Holiday Shopping Season Leaves Bay Business Owners Optimistic

Retailers across the country are now starting to take stock of this year's holiday shopping season. In many cases, sales this time of year account for as much as 50 percent of a business's yearly profits.

Perhaps nowhere is that more true than in storm ravaged communities like Bay St. Louis. To the surprise of many longtime shop owners in town, Christmas business was very good.

"We've been so blessed with the local people and the volunteers coming in and supporting all of Old Town and we really appreciate it," downtown business owner Jenise McCardell said.

McCardell runs Clay Creations, a place where you can have a home or building immortalized in clay. She says many customers purchased Katrina related items like bird feeders made of storm debris or a "before and after" picture book.

"I believe people wanted to give good and happy memories of how it was and how it will be again."

Shop owner Jay MacAniff said she had a great Christmas season. MacAniff owns A-OK, a furniture, gift and novelty shop. Hurricane Katrina forced him to relocate his business from downtown to Highway 90.

"I was excited to open the shop back up the day before Thanksgiving, and it was very busy all the way up through Christmas Eve. I sold everything from stocking stuffers, little wind up toys, all the way up to dining room tables at $1500," MacAniff said.

MacAniff believes one of the reasons his business faired so well this holiday season is because there's less competition. Many businesses were washed away by Katrina and have not re-opened.

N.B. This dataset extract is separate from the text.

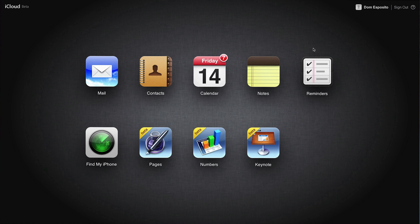Hey, what's up everybody? This is Dom and we're taking a look at the beta version of iWork for iCloud.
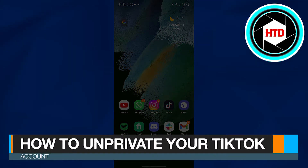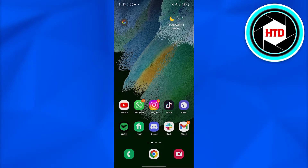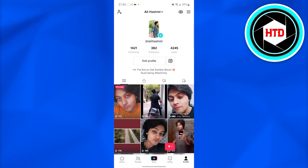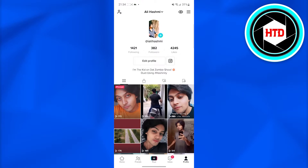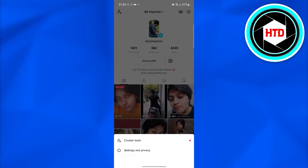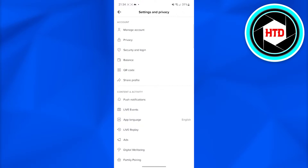How to unprivate your TikTok account. In this video I will tell you how you can simply unprivate your TikTok account. Firstly, open up TikTok on your phone, click on your profile icon, and then click on the top right where you see the three lines. When you click on those three lines, click on Settings and Privacy at the bottom.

Elise Haas also relocated her downtown gift shop, Just Du-It to Highway 90.

"The holiday season was wonderful compared to October and the pervious months," Haas said.

"We were much busier downtown, but we were dealing with a whole different clientele. We had mainly tourists, and now we have the locals. And the locals seem to realize that if they want their town back and the economy to get moving, that they need to support the businesses that have opened. And they've come through for us," Haas said.

"We're looking forward to the New Year and seeing Old Town getting better and better," McCardell said.